• Task
Please quote exactly the lines below from the line containing "Boogie T b2b" to the line containing "Legano Spa Salt", both lines included, and nothing else.

• Material provided
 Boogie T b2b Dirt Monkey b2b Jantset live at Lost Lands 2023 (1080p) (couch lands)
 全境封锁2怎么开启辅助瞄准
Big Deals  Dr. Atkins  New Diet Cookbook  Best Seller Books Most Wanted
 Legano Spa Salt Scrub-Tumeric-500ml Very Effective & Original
* * *
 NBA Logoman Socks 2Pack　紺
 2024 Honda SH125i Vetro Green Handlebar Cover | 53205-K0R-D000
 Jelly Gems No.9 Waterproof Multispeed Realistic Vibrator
...
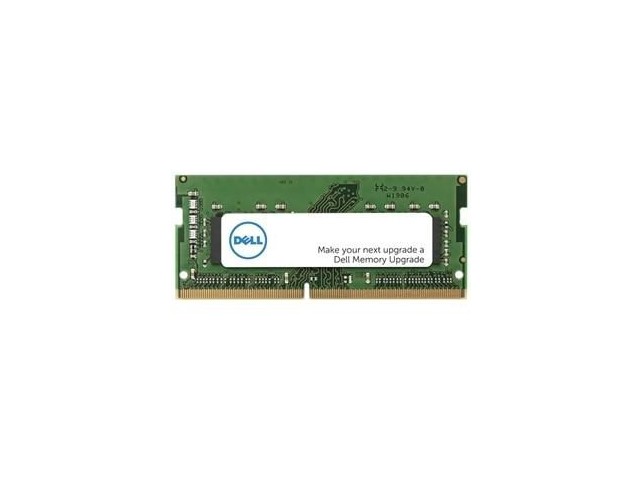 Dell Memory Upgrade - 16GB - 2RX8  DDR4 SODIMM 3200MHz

• Your response
 Boogie T b2b Dirt Monkey b2b Jantset live at Lost Lands 2023 (1080p) (couch lands)
 全境封锁2怎么开启辅助瞄准
Big Deals  Dr. Atkins  New Diet Cookbook  Best Seller Books Most Wanted
 Legano Spa Salt Scrub-Tumeric-500ml Very Effective & Original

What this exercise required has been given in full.